Usability Heuristics
Interaction quality rules that ensure patterns are usable, accessible, and predictable.
These heuristics define what "good interaction" means in UI Foundations. Every pattern rule must cite at least one heuristic ID.
Heuristics
| ID | Name | Definition |
|---|---|---|
heuristic.feedback |
Feedback | User actions must produce visible, semantic, or assistive feedback through states, messages, focus, or updated content. |
heuristic.consistency |
Consistency | Similar controls and patterns must behave, read, and respond consistently across surfaces. |
heuristic.error-prevention |
Error Prevention | Structure should prevent avoidable mistakes before they happen through clear labels, grouping, required/optional cues, disabled states, and constrained choices. |
heuristic.recognition |
Recognition | Interfaces should make available actions and context visible instead of relying on memory, hidden conventions, or implied relationships. |
heuristic.user-control |
User Control | Users should be able to understand the current state, change reversible choices, cancel where appropriate, and recover from mistakes. |
heuristic.accessibility |
Accessibility | Patterns must preserve semantic HTML, programmatic names, keyboard access, visible focus, and assistive-technology state communication. |
Traceability
- Pattern rules must cite the heuristic IDs they rely on.

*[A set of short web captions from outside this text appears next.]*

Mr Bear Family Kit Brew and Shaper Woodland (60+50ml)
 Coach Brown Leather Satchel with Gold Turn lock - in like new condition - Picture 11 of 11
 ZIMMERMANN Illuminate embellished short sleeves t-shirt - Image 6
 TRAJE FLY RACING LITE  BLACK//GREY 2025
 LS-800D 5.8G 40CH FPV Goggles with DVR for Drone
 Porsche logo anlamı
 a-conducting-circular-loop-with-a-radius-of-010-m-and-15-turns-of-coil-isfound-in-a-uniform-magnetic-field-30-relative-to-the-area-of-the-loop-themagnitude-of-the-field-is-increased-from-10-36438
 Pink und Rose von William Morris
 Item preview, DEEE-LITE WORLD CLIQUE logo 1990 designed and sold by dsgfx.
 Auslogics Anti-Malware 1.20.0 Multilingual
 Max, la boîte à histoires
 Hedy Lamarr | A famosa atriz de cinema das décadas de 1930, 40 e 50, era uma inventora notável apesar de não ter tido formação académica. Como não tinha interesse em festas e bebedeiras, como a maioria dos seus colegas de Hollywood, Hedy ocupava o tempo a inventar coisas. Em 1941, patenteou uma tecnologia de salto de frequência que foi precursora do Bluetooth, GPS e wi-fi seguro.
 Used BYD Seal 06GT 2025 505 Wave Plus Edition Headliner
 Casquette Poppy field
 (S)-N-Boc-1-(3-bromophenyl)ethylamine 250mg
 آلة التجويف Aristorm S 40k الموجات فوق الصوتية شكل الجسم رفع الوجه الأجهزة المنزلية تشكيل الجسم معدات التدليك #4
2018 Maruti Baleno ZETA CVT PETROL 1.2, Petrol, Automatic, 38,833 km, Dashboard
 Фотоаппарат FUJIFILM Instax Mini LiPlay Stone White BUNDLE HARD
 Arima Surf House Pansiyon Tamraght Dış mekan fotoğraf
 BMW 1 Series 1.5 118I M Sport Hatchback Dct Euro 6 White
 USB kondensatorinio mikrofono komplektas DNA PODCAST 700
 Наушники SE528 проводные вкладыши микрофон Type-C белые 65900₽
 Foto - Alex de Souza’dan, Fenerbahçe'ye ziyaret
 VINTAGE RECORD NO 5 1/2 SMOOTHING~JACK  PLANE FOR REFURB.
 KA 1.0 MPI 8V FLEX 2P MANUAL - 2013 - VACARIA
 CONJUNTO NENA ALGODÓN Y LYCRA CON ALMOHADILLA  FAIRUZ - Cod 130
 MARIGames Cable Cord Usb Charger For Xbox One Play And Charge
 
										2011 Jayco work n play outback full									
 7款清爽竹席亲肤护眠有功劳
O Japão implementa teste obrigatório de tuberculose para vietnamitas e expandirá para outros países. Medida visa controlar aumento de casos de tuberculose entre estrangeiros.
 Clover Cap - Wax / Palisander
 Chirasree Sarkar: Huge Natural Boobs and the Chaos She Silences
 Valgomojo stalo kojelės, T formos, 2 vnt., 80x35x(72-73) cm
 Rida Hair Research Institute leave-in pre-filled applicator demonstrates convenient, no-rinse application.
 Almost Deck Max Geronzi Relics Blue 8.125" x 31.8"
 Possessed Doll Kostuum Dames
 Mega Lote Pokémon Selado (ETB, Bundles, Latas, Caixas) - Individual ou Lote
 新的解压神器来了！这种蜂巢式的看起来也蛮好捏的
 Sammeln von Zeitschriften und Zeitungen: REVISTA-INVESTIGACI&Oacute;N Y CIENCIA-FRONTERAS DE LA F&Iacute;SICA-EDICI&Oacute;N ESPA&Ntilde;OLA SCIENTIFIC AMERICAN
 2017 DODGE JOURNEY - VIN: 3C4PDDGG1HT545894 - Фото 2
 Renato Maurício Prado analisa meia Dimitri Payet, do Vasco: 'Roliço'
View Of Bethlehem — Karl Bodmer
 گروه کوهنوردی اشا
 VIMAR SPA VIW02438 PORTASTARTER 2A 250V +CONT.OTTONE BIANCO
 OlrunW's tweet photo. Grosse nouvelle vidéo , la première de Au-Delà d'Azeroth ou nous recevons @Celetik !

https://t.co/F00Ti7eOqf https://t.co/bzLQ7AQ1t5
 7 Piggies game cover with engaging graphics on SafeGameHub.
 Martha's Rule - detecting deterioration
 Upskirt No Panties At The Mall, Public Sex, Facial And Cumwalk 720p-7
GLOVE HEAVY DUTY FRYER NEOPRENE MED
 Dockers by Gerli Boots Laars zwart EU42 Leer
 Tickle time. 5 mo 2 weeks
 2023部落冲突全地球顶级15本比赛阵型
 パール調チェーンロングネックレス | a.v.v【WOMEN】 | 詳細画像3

- Component rules must implement the cited heuristics with semantic markup, state classes, tokens, or documented behavior.
- Validation prefers deterministic checks tied to these IDs.
Usage in Pattern Rules
When documenting a pattern rule, reference heuristics like this:
Cites: heuristic.feedback, heuristic.accessibility
Rationale: Checkbox checked state must be communicated via
:checked pseudo-class AND aria-checked for screen readers.